WHAT TO WORK ON
Exact copy, no pictures: return only the lines below from the line with "inner tanpa lengan" up to and including the line with "コ−ポフォレスト 2階2Kの間取り".

INPUT FOR THIS TASK
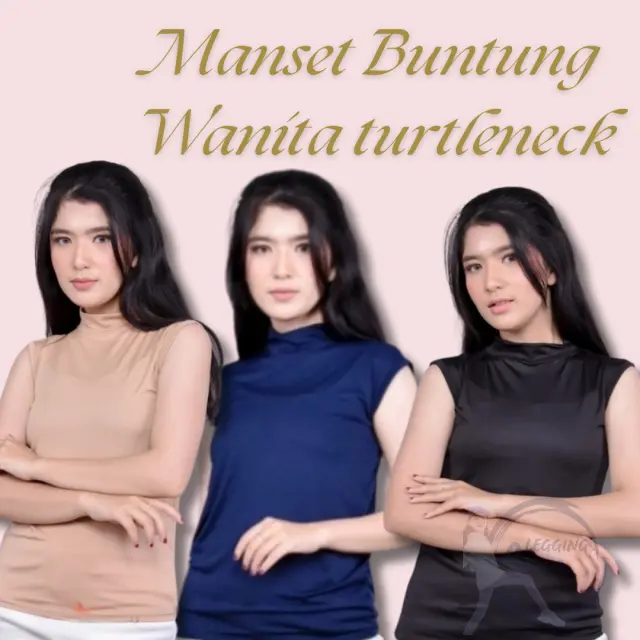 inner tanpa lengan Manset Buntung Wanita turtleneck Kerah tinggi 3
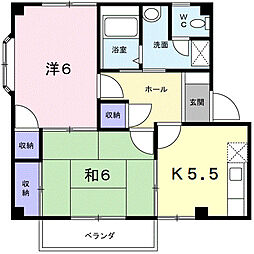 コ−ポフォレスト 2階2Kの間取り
==
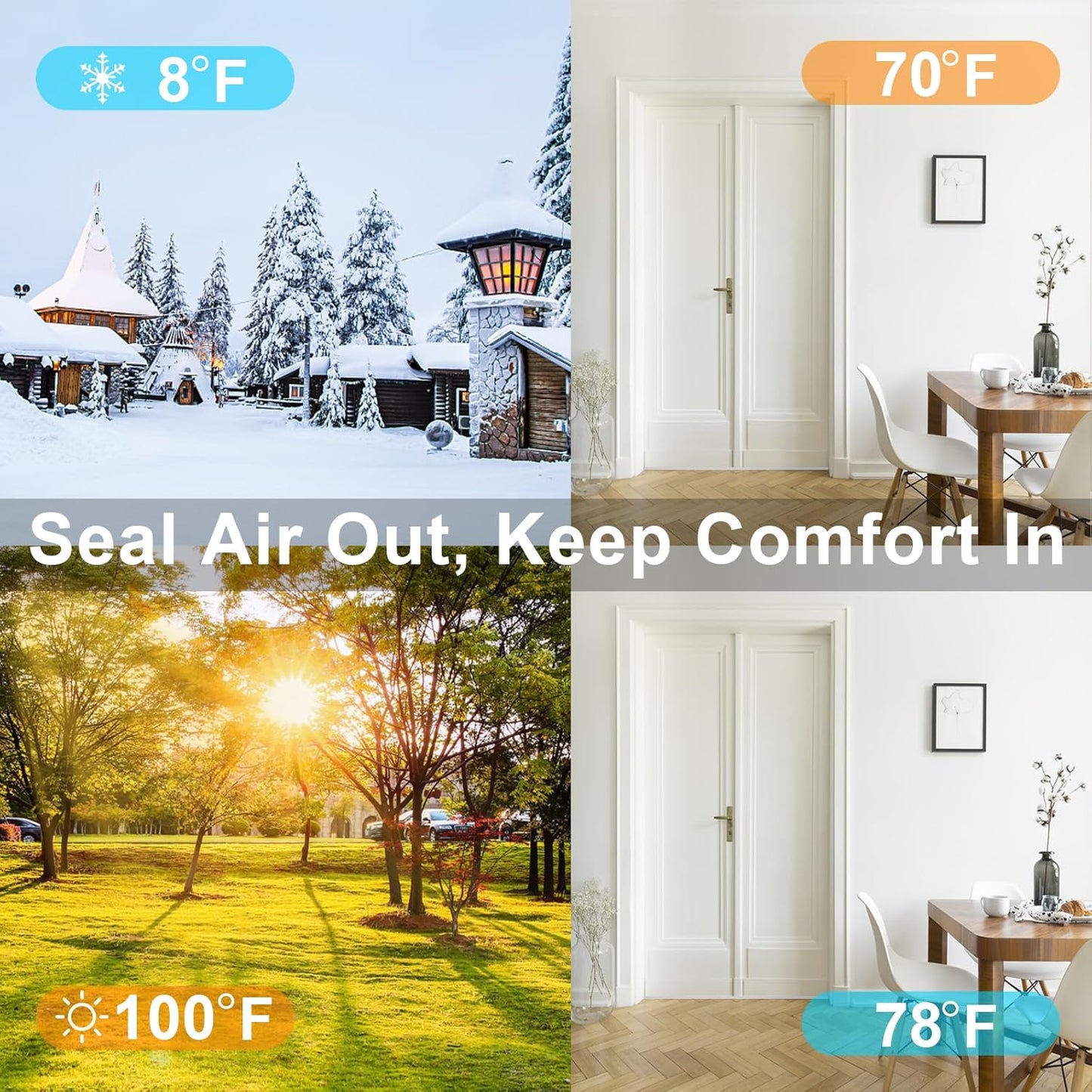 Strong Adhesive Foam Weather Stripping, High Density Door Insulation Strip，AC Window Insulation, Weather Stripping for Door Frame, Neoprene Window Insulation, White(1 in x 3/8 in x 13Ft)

ANSWER TO THE EXERCISE
 inner tanpa lengan Manset Buntung Wanita turtleneck Kerah tinggi 3
 コ−ポフォレスト 2階2Kの間取り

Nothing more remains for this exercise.